**Source material:**
******
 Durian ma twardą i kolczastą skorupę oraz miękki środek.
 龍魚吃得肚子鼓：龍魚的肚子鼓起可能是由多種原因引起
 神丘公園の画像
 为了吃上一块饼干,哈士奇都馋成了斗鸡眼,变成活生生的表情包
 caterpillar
******
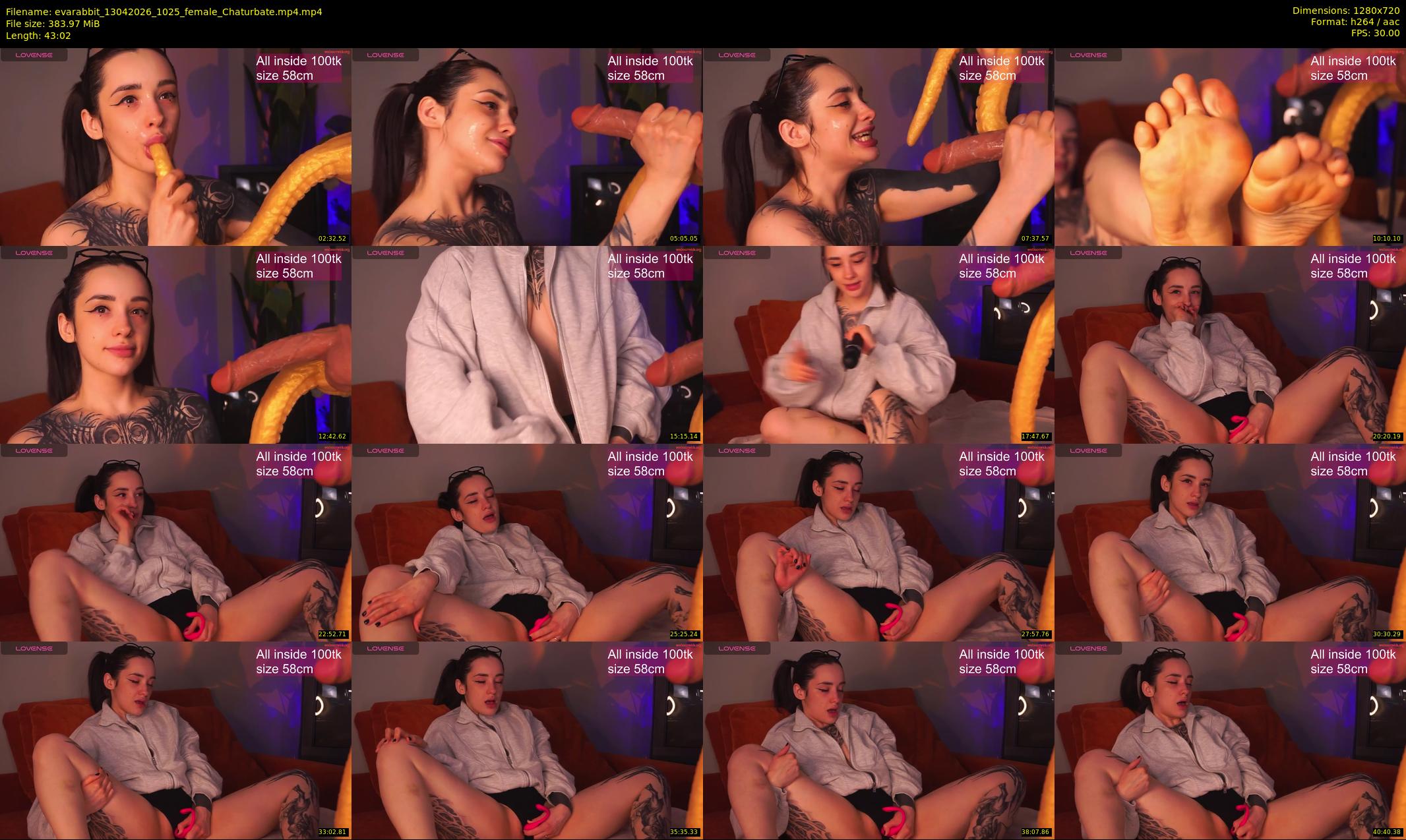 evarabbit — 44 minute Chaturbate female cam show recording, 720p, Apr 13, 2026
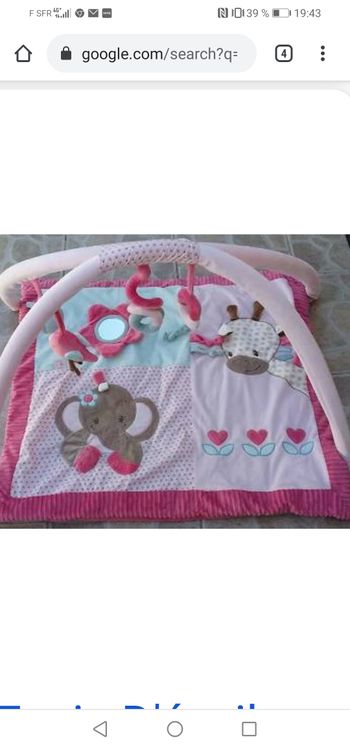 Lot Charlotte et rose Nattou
******
**Exercise directions:** Taking the listing above as the source, transcribe only the lines starting at the line with "龍魚吃得肚子鼓：龍魚的肚子鼓起可能是由多種原因引起" and going through the line with "caterpillar", unaltered and with both ends included.

**Exercise answer:**
 龍魚吃得肚子鼓：龍魚的肚子鼓起可能是由多種原因引起
 神丘公園の画像
 为了吃上一块饼干,哈士奇都馋成了斗鸡眼,变成活生生的表情包
 caterpillar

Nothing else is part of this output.